She said she spoke to a man with an American accent who told her he was looking forward to meeting her before Clifford re-entered the room and she passed him back the phone.

Another woman spoke of how she had a phone conversation with a man claiming to be Hollywood film producer Albert “Cubby” Broccoli. He told her to check if Clifford was circumcised.

The woman, who was about 18 when the incident happened in the early 1980s, broke down in tears as she told how she feared Clifford would rape her.

One victim spoke of how she was promised a role by Clifford, 71, alongside Blade Runner actor Rutger Hauer.
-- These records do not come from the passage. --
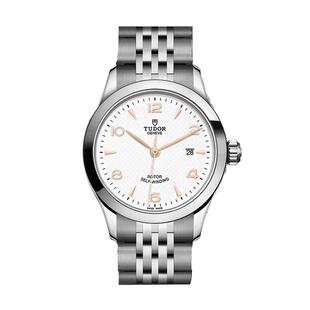 瑞士帝舵Tudor 1926系列自动机械 女士腕表 钢带白盘M91350-0011
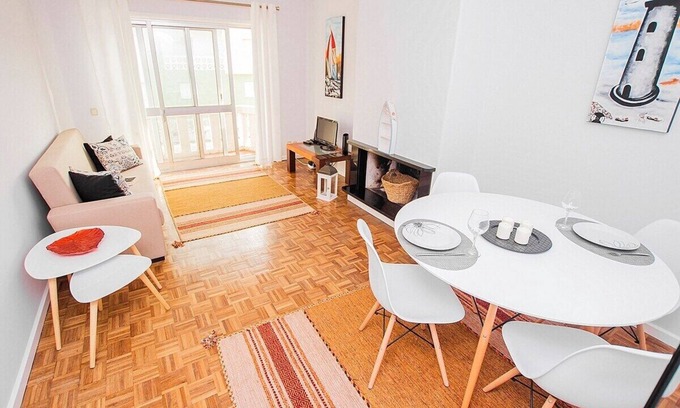 Barra Apartamento | Stay Just 3 Minutes from the Beach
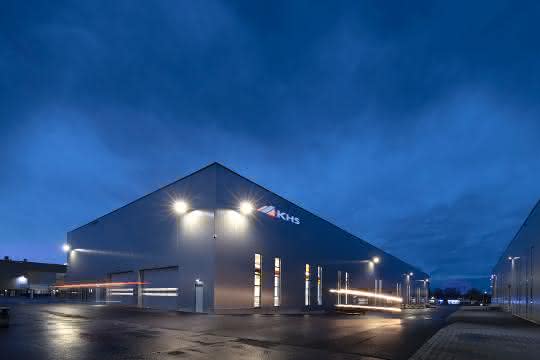 KHS_neue Halle KHS_neue Halle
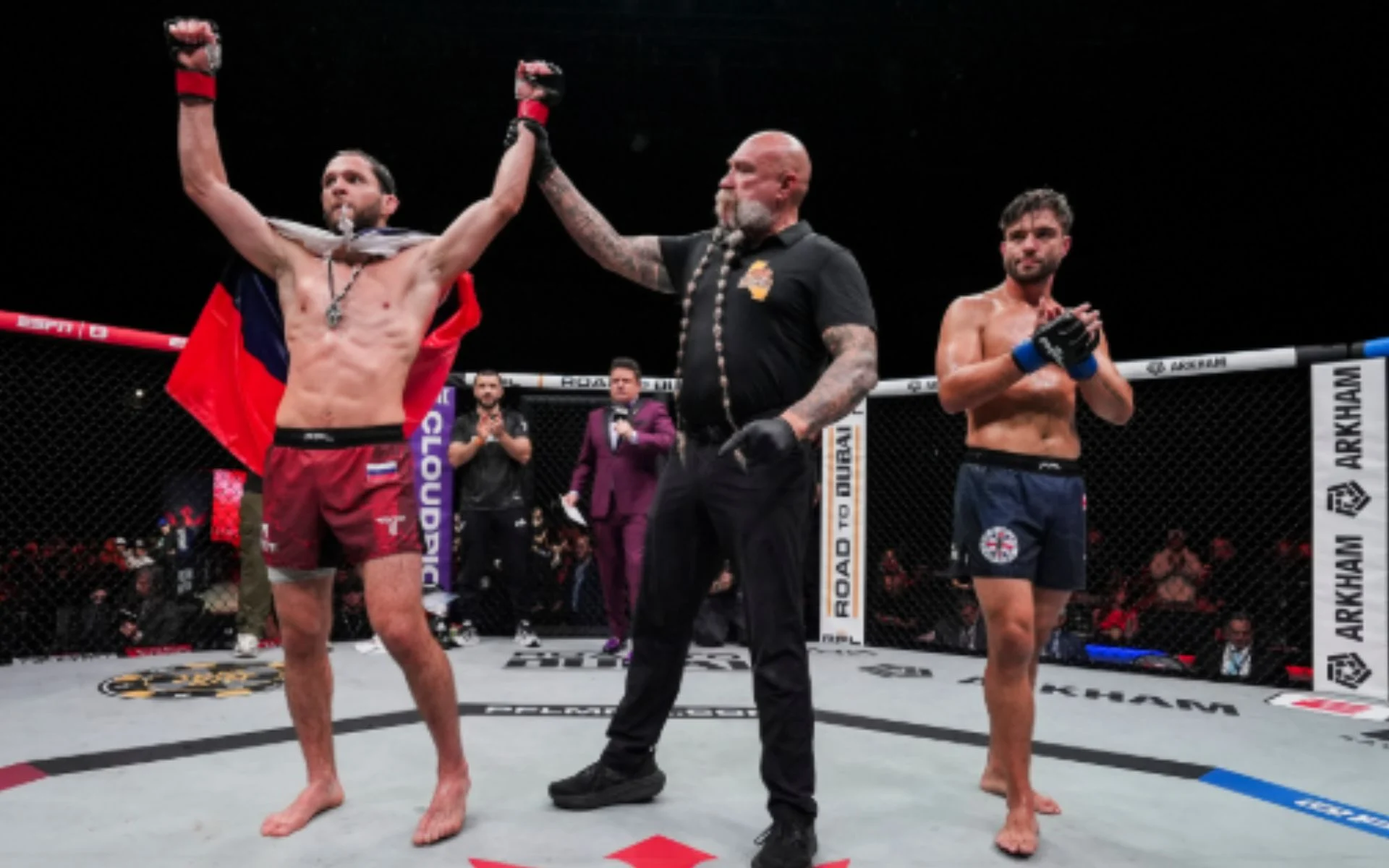Alexander Shabliy : Une Victoire PFL en demi-teinte – Quel Impact sur la Moneyline ?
She said she visited his London offices as a 16-year-old in 1988 and was told by Clifford she needed to talk to the film’s director to “audition’’, and he directed her to go to the department store Fenwick and answer a public telephone.

She said she went to the phone and a man called who said he was the director. He spoke with a “feminine voice’’ and told her to return to Clifford’s office and find his “Achilles’ heel’’. She said that when she returned to his offices, Clifford exposed himself to her before telling her to return to the phone box.
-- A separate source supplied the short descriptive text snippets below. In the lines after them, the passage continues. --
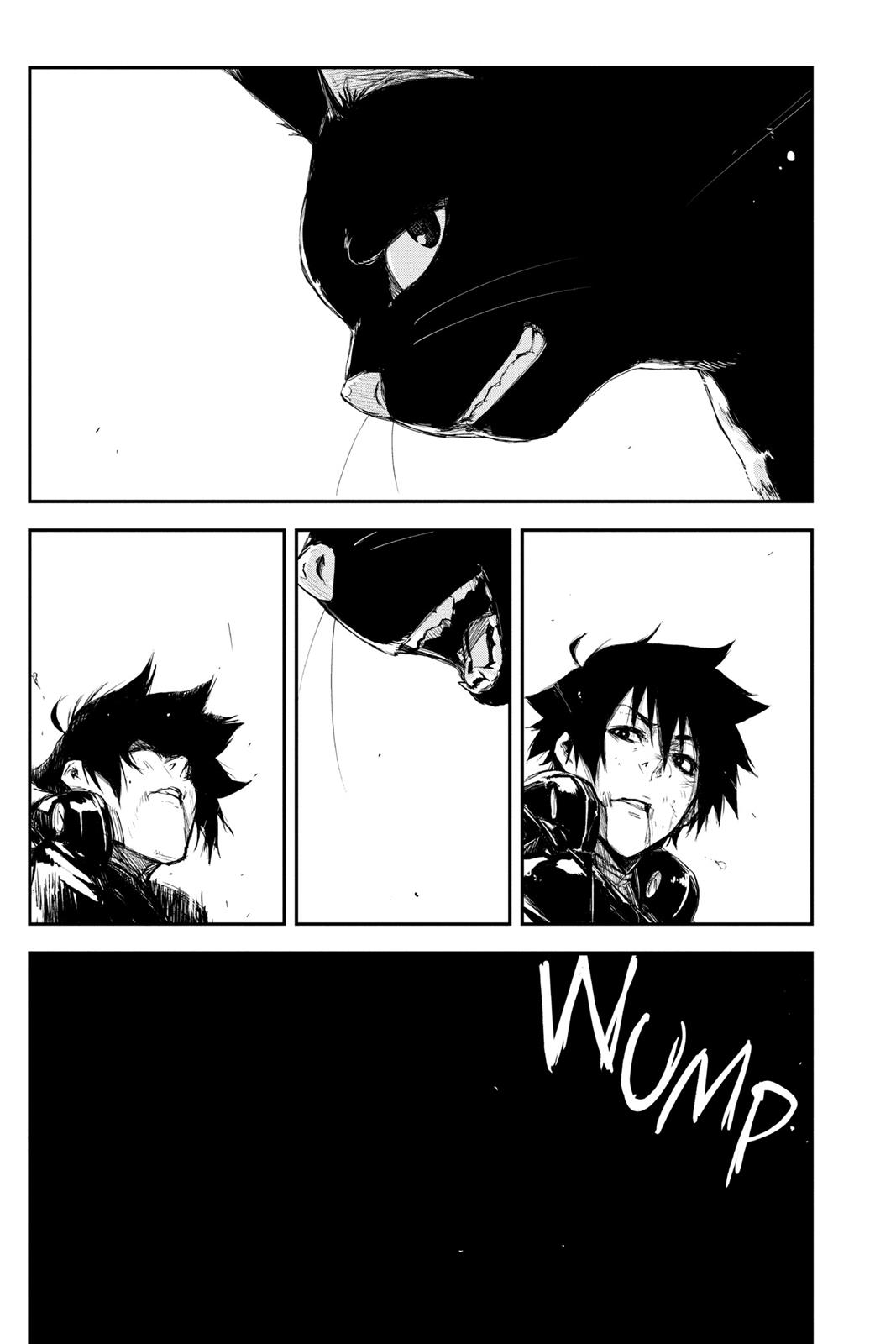 Read Black Torch Manga Online
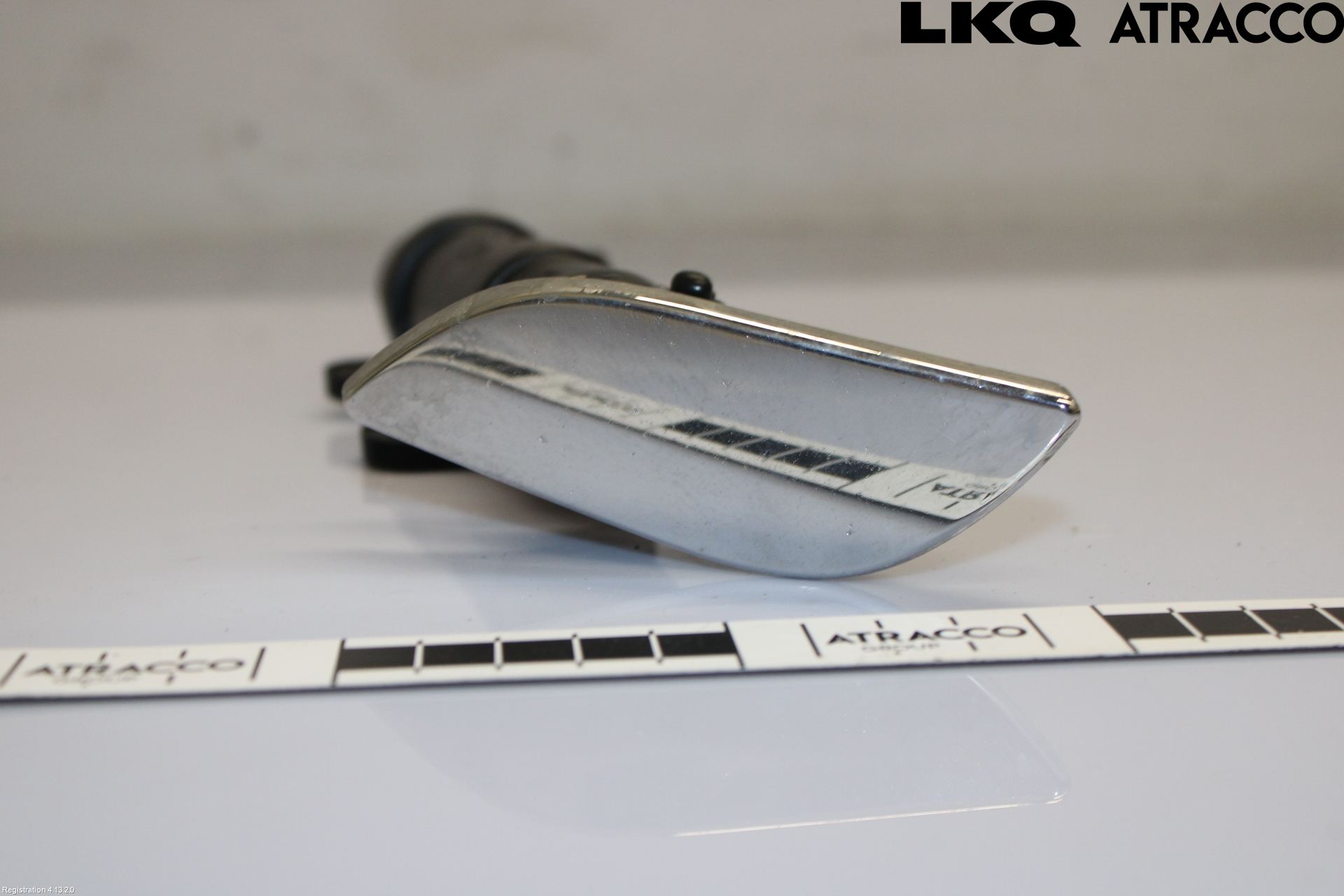 Skoda SUPERB 09-15 Spolarmunstycke Strålkastare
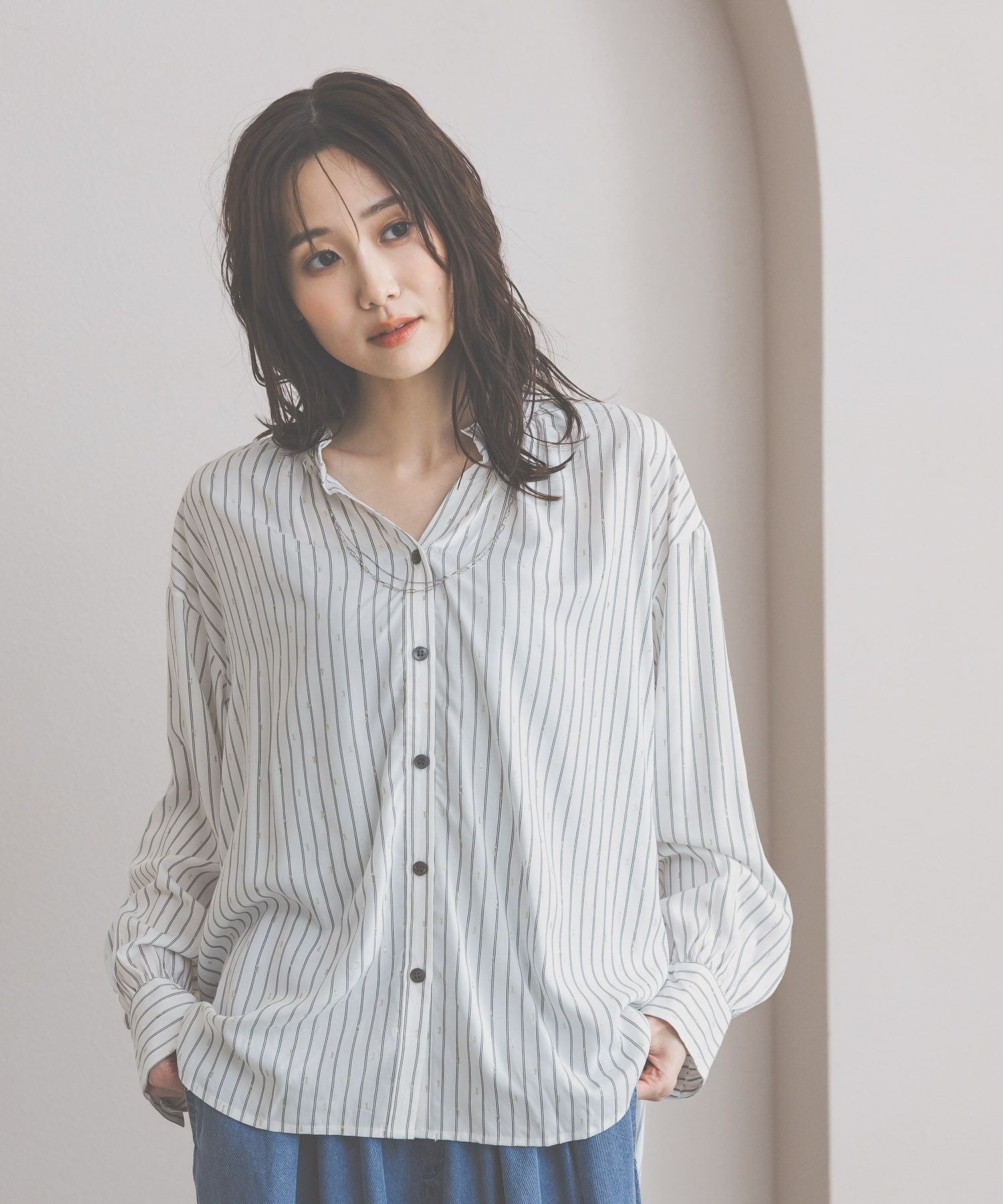 船长衬衫长袖/601062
During the second call with the purported director, he told her to return to Clifford’s office and find his “weakness’’. She said that once again, the defendant exposed himself to her.
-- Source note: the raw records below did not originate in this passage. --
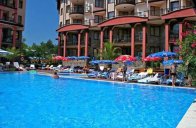 Aparthotel South Beach - Bulharsko - Carevo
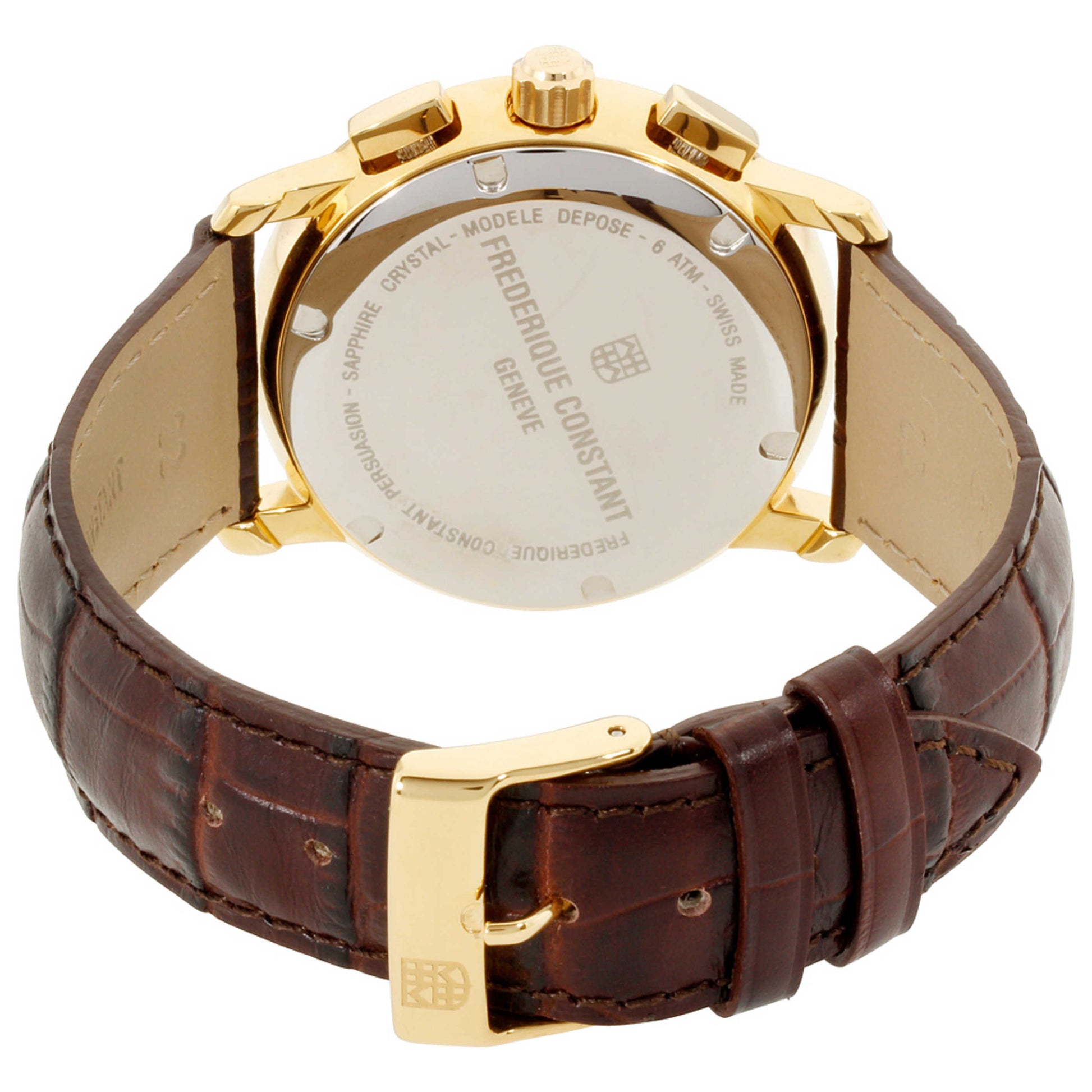Frederique Constant Classics Men's Quartz Watch FC-292MC4P5 - Image #3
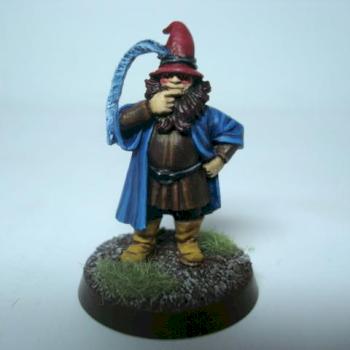 Tom Bombadil by wolveab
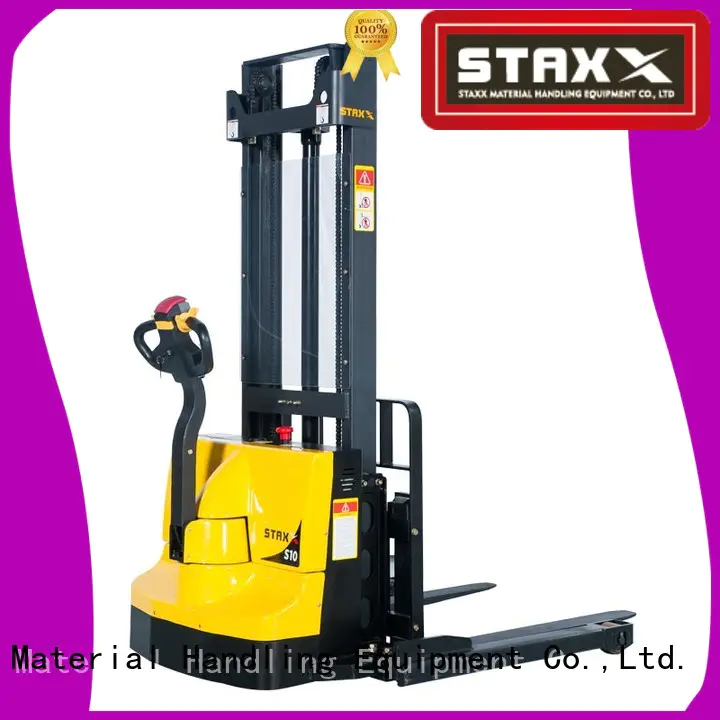 Staxx cbes500750 manual electric stacker Suppliers for rent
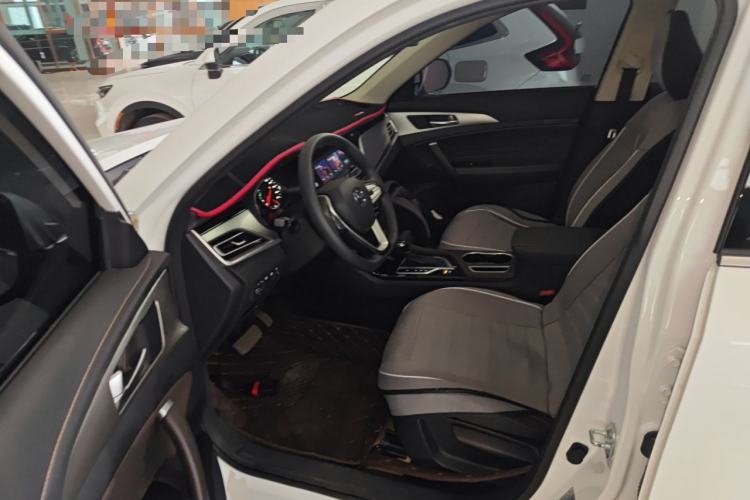 Used Changan CS35PLUS 2019 1.6L Automatic CoolLink Edition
Another woman told how Clifford coerced her into performing a sex act on him after telling her she could become a star of 1980s TV show Dynasty. Clifford told her he would get the director, Aaron Spelling, to phone her about it, and later she had a call from someone speaking in a camp American accent who identified himself as Spelling. The caller told her he was sure Clifford fancied him. She was later made to recount the conversation to Clifford, who walked around his desk, and took his trousers down.